- **Your goal**:
Below is a listing; print exactly its lines from the one containing "Гостевой дом Карадениз" down to the one containing "Adam Wedge &", both inclusive, with every picture left out.

- **Data supplied**:
□ □ □ □

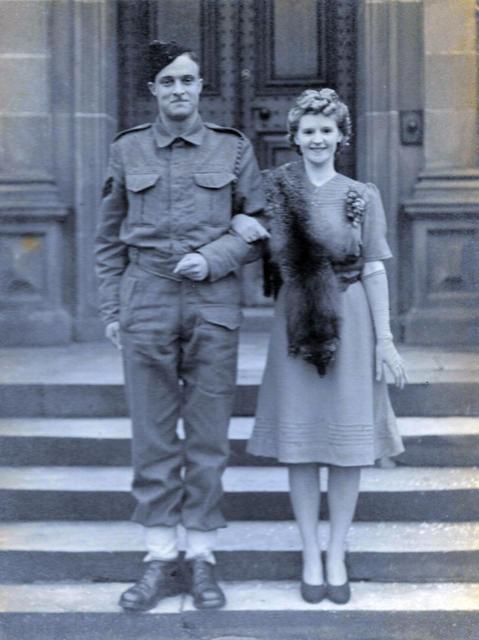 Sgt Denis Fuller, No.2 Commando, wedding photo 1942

□ □ □ □

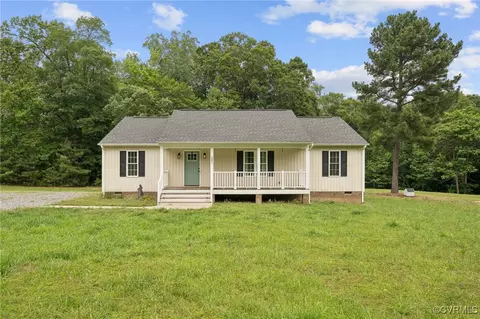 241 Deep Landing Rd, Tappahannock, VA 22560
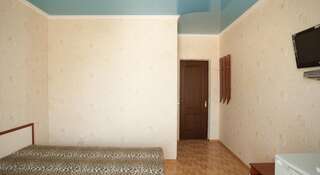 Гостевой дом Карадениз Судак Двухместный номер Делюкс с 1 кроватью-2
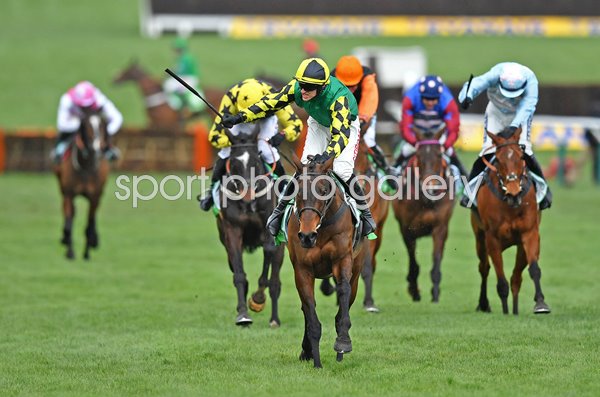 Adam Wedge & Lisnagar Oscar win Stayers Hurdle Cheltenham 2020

□ □ □ □

- **Solved problem**:
 Гостевой дом Карадениз Судак Двухместный номер Делюкс с 1 кроватью-2
 Adam Wedge & Lisnagar Oscar win Stayers Hurdle Cheltenham 2020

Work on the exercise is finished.